I say to the wife, "but honey look at this" and her eyes roll back.......


And my latest "double" hehehe ............................


----------



## CLHC (Mar 16, 2007)

For me I'll have to go back more than 30 years ago. My uncle had a bunch of flashlights that were chrome and then the crook-necked ones. So these got me going on that flashlight quest. Also, I remember those little lights they would pass out whenever the Icecapades came into town. Now those really caught my fancy since it was small enough from us little fellas waaay back then.


----------



## cldcc (Mar 23, 2007)

My store begun : It was about 16 years ago when I was with my mother living in the countryside.She bought me a 1AA light looked like a gun .Then I am intrested in LIGHTs.But for a long time ,I cannot aford lights since a was a student .Now I am a employed man ,so I am crazy about it.And there also a group of amatures DIYing with me.


----------



## 021411 (Mar 23, 2007)

I started about 9 years ago when I did alot of night time fishing. My friend who was a police officer always brought out his SL-20X. I was wow'ed by the brightness and it put my Maglight to shame. His schedule became busy and I no longer had access to a premium light. What did I do? I scraped together my cash and purchased one. Buying a $100+ flashlight back then was unheard especially for a broke student. I had to have it. It progressed from there. I saw lights come and go over the years. The SL-20X stayed true.


----------



## jimjones3630 (Mar 23, 2007)

Some time in the 80's bought my first SF P9 and was amazed how much light it put out for it's size. Over the years picked up other SF's as bargins presented.

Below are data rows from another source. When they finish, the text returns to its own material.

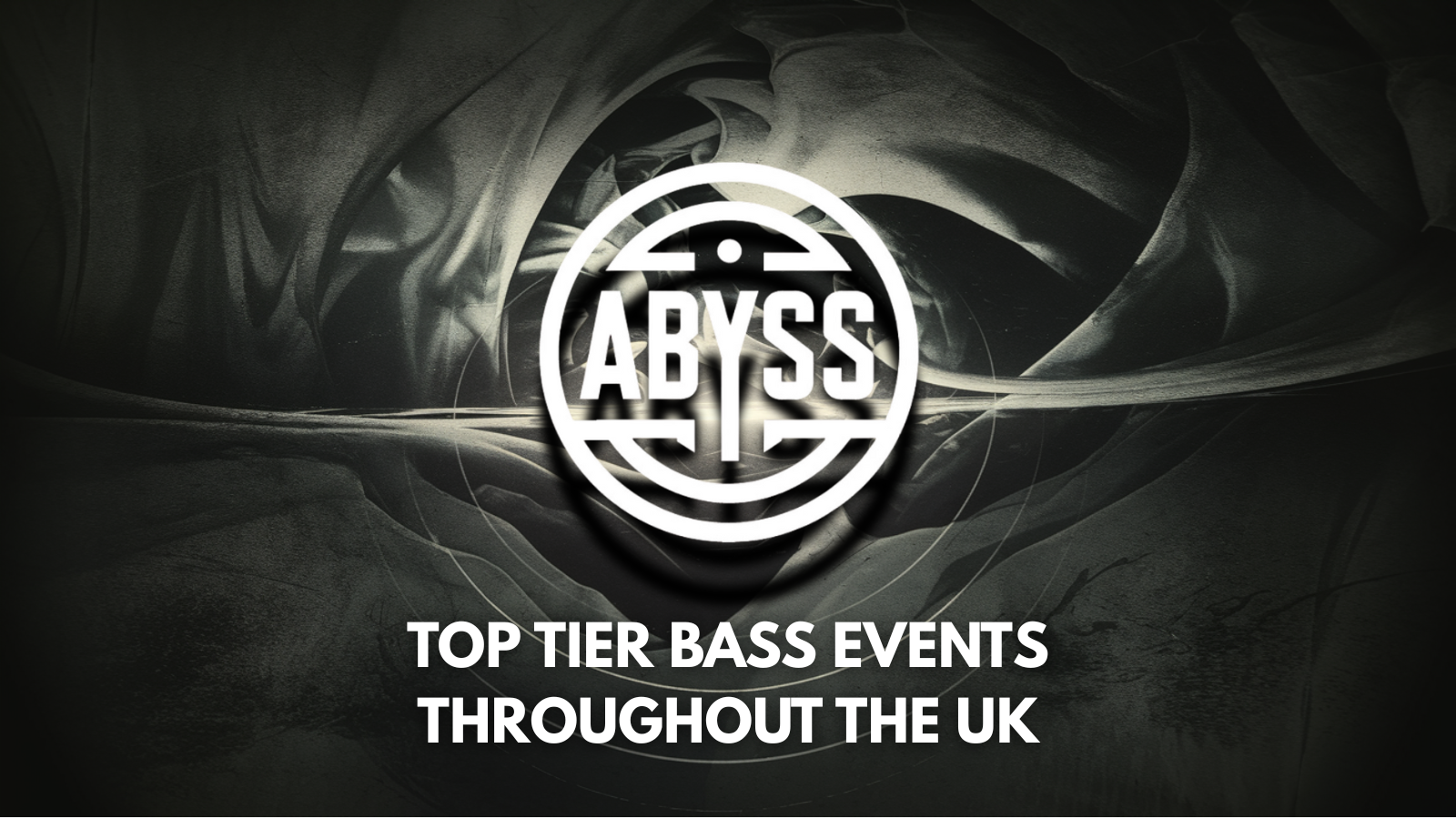 ABYSS | Event information and Tickets | Fatsoma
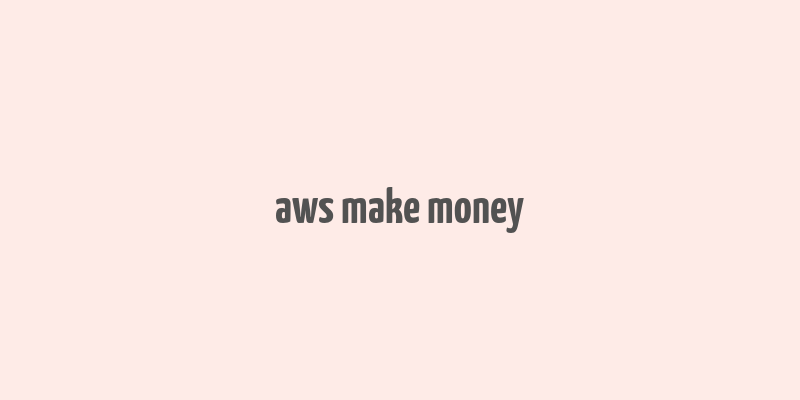 aws make money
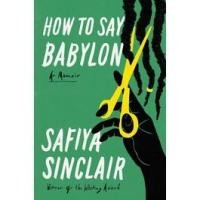 ราคา HOW TO SAY BABYLON: A MEMOIR (HC) (9781982132330) c321 sut (28786809093)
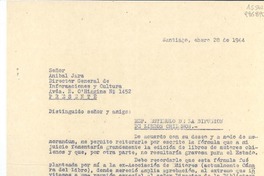 [Carta] 1944 ene. 28, Santiago, [Chile] [al] Señor Anibal Jara, Director General de Informaciones y Cultura, Avda. B. O´Higgins N° 1452, [Santiago], [Chile]
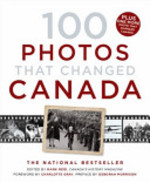 Book cover of 100 PHOTOS THAT CHANGED CANADA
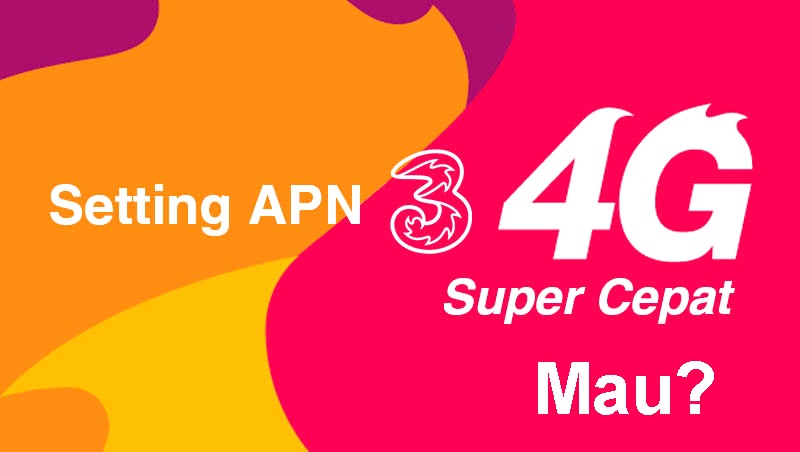 Cara Setting Apn Tri 3 4g Tercepat Paling Stabil 2020 Paket Internet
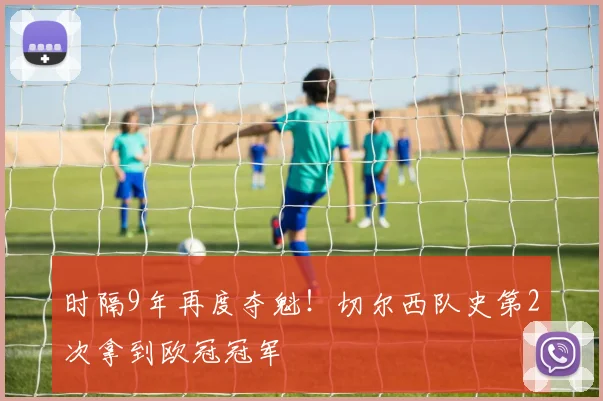 时隔9年再度夺魁！切尔西队史第2次拿到欧冠冠军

Few months ago I stumbled upon this forum reading about a mod a member of this forum had posted on another board and was amazed how hotwired lights where built. Electornics with craftmanship, doing something not everyone can do.

It's really about the trial and error of experimentation, reading the research previously published, learning something new is so stimulating. It's a rush. I take my modest attempts and show them off like a kid in school during show and tell.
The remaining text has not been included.